Dataset records:
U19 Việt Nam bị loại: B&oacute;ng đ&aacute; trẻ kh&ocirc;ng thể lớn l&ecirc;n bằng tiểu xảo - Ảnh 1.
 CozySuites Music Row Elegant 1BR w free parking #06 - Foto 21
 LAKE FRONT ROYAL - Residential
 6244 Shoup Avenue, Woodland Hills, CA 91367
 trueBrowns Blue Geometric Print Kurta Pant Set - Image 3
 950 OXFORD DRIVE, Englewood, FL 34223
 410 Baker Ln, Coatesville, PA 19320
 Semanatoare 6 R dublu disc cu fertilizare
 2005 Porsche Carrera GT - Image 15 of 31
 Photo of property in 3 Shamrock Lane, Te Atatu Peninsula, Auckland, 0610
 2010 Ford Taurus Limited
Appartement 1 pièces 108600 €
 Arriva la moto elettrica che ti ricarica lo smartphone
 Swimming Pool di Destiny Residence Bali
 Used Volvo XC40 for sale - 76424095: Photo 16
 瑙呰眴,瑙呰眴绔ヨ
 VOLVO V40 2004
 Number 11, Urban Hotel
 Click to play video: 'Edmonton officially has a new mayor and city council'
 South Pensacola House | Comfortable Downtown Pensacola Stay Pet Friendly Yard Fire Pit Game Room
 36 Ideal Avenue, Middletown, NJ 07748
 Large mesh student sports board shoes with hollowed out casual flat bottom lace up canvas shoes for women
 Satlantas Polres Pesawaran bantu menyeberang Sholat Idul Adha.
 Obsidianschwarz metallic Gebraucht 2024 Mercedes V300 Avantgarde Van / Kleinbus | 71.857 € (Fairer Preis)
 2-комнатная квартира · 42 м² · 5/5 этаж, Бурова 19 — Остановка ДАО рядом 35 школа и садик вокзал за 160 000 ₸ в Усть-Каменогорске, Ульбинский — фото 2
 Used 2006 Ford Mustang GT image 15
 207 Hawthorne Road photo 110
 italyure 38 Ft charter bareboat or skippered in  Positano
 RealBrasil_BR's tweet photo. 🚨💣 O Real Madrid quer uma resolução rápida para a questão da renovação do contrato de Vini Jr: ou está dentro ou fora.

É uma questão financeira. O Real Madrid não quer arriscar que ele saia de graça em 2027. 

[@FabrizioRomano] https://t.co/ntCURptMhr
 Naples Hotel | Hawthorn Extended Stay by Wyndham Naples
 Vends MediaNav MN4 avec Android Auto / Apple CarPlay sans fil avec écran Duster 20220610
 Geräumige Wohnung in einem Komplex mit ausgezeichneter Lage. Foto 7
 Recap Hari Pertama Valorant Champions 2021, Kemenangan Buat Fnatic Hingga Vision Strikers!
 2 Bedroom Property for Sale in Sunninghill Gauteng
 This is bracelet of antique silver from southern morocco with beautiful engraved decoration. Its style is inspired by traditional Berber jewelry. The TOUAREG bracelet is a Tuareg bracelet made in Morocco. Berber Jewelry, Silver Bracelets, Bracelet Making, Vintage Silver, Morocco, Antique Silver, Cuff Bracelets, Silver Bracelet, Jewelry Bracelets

Work to complete: Output the records again in full. Keep every character as written.

Your response:
U19 Việt Nam bị loại: B&oacute;ng đ&aacute; trẻ kh&ocirc;ng thể lớn l&ecirc;n bằng tiểu xảo - Ảnh 1.
 CozySuites Music Row Elegant 1BR w free parking #06 - Foto 21
 LAKE FRONT ROYAL - Residential
 6244 Shoup Avenue, Woodland Hills, CA 91367
 trueBrowns Blue Geometric Print Kurta Pant Set - Image 3
 950 OXFORD DRIVE, Englewood, FL 34223
 410 Baker Ln, Coatesville, PA 19320
 Semanatoare 6 R dublu disc cu fertilizare
 2005 Porsche Carrera GT - Image 15 of 31
 Photo of property in 3 Shamrock Lane, Te Atatu Peninsula, Auckland, 0610
 2010 Ford Taurus Limited
Appartement 1 pièces 108600 €
 Arriva la moto elettrica che ti ricarica lo smartphone
 Swimming Pool di Destiny Residence Bali
 Used Volvo XC40 for sale - 76424095: Photo 16
 瑙呰眴,瑙呰眴绔ヨ
 VOLVO V40 2004
 Number 11, Urban Hotel
 Click to play video: 'Edmonton officially has a new mayor and city council'
 South Pensacola House | Comfortable Downtown Pensacola Stay Pet Friendly Yard Fire Pit Game Room
 36 Ideal Avenue, Middletown, NJ 07748
 Large mesh student sports board shoes with hollowed out casual flat bottom lace up canvas shoes for women
 Satlantas Polres Pesawaran bantu menyeberang Sholat Idul Adha.
 Obsidianschwarz metallic Gebraucht 2024 Mercedes V300 Avantgarde Van / Kleinbus | 71.857 € (Fairer Preis)
 2-комнатная квартира · 42 м² · 5/5 этаж, Бурова 19 — Остановка ДАО рядом 35 школа и садик вокзал за 160 000 ₸ в Усть-Каменогорске, Ульбинский — фото 2
 Used 2006 Ford Mustang GT image 15
 207 Hawthorne Road photo 110
 italyure 38 Ft charter bareboat or skippered in  Positano
 RealBrasil_BR's tweet photo. 🚨💣 O Real Madrid quer uma resolução rápida para a questão da renovação do contrato de Vini Jr: ou está dentro ou fora.

É uma questão financeira. O Real Madrid não quer arriscar que ele saia de graça em 2027. 

[@FabrizioRomano] https://t.co/ntCURptMhr
 Naples Hotel | Hawthorn Extended Stay by Wyndham Naples
 Vends MediaNav MN4 avec Android Auto / Apple CarPlay sans fil avec écran Duster 20220610
 Geräumige Wohnung in einem Komplex mit ausgezeichneter Lage. Foto 7
 Recap Hari Pertama Valorant Champions 2021, Kemenangan Buat Fnatic Hingga Vision Strikers!
 2 Bedroom Property for Sale in Sunninghill Gauteng
 This is bracelet of antique silver from southern morocco with beautiful engraved decoration. Its style is inspired by traditional Berber jewelry. The TOUAREG bracelet is a Tuareg bracelet made in Morocco. Berber Jewelry, Silver Bracelets, Bracelet Making, Vintage Silver, Morocco, Antique Silver, Cuff Bracelets, Silver Bracelet, Jewelry Bracelets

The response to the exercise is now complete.